Lelaki paruh baya bertubuh atletis itu memijit ujung hidungnya, perwatakan humoris yang biasanya ia tampilnya lenyap begitu saja, kali ini Heri terlihat sangat khawatir.
"Sakit Dara kambuh Mah, padahal sudah belasan tahun Dara sembuh, tapi kenapa bisa tiba-tiba seperti ini?" Lirihnya pelan.
Takut kalau gangguan kecemasan Dara berakibat lebih fatal nantinya.
***
Beberapa hari semenjak pertengkaran hebat tersebut keadaan terlihat tenang-tenang saja, tapi siapa yang tau isi hati seseorang kan?
Riki dan Fina diam-diam merasa cemas karena hampir 1 minggu Dara hilang bagai angin, bahkan pihak kampus terlihat seperti menutupi, sebenarnya ada apa ini?
"Fin lo tau Dara kemana?" Riki sudah tak sanggup menahan lagi, hanya berlandaskan gengsi dan ego tidak akan memperbaiki apapun.
"Gue gak tau Rik, bahkan rumah Dara sudah sepi beberapa hari ini."
Riki terkesiap, apa mungkin ... Dara pergi meninggalkannya? Riki mengusap wajahnya frustasi, sebenarnya ucapannya kemarin hanya sebatas luapan emosinya sesaat, jujur Riki masih sayang pada Dara meskipun sudah tidak sebesar rasa sukanya dulu.

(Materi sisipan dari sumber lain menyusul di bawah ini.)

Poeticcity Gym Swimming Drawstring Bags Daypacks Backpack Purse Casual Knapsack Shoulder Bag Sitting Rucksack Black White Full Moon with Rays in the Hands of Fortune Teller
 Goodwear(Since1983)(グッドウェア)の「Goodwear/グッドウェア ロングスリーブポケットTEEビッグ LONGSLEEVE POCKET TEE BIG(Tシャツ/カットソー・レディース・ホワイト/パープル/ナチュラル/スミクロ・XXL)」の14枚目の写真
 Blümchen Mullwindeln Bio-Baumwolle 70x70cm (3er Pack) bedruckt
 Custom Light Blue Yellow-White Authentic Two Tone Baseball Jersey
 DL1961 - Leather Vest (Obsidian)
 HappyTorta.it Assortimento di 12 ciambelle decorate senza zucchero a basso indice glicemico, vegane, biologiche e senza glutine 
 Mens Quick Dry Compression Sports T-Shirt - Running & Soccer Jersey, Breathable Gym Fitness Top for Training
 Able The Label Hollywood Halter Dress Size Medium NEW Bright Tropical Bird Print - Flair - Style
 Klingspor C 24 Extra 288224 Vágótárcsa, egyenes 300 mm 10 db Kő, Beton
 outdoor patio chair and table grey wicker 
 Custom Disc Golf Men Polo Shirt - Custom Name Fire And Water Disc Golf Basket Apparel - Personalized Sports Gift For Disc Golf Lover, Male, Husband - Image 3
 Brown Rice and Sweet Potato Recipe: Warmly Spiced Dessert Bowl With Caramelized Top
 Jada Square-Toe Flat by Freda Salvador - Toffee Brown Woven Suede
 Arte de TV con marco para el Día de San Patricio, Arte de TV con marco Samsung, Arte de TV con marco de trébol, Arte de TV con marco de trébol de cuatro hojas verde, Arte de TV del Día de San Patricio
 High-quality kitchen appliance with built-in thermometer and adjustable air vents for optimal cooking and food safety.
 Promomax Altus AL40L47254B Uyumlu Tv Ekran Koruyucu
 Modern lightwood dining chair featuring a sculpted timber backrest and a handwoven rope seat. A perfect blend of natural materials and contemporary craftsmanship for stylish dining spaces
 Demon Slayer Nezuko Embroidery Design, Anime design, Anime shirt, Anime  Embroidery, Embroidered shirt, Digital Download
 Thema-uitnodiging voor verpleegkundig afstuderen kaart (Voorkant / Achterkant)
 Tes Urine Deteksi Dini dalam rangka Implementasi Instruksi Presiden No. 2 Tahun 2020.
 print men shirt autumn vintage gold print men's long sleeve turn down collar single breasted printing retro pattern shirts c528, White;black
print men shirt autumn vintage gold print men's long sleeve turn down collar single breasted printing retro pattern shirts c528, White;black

"Lo punya nomer orang tuanya Dara?"
Fina menggeleng. "Semenjak keluarga Dara pindah ke Sulawesi dulu, aku udah lost contact dan belum sempet minta nomernya lagi."
Sekarang mereka berdua terlihat sangat kebingungan, masalahnya entah kenapa w******p Dara offline terus, bahkan HP nya pun juga mati.
Sebenarnya ke mana perginya Dara???
Di lain tempat ada seorang lelaki yang juga ikut kebingungan perihal hilangnya Dara secara dadakan. Bagas melirik dari jandela rumahnya ke rumah Dara yang ada di seberang, tetap saja rumah tersebut sepi seperti tidak ada penghuni.
"Kamu kemana Dar?" Lirih Bagas kembali menelepon Dara. Sepertinya sudah tak terhitung banyaknya miscall yang ia lakukan tapi jawaban operator tetap sama.
HP Dara tidak aktif.
Bagas mengacak rambutnya frustasi, terlihat memejamkan matanya berat. Dengan cepat ia keluar rumah, kali ini Bagas akan nekad pergi ke rumah Dara.
"Jangan harap kamu bisa ninggalin aku Dar, karena kamu sudah berani masuk ke hati aku." Bagas sudah tak peduli kalau nantinya akan di tatap aneh oleh penghuni rumah Dara, yang ia pikirkan sekarang hanya Dara.
Kekasih kecilnya.
"Loh Pak Bagas? Ada apa ya Pak?"
Bagas tersenyum ramah kearah satpam penjaga rumah Dara yang membukakannya pintu. "Ehm, saya cuma ingin tanya keluarga Pak Heri kemana ya Pak? Saya amati kok beberapa hari ini terlihat sepi." Bagas mencoba terlihat senatural mungkin.
Satpam rumah tersebut tersentak, lalu terlihat seperti ingin menutupi sesuatu membuat Bagas mengernyit makin curiga.
"Ada apa Pak?"
"I-itu Pak Bagas ... eung, s-saya gak berani ngomong apapun sekarang. Lebih baik Bapak nunggu sampai Non Dara sekeluarga balik saja." Satpam tersebut seperti ingin mencari jalan aman.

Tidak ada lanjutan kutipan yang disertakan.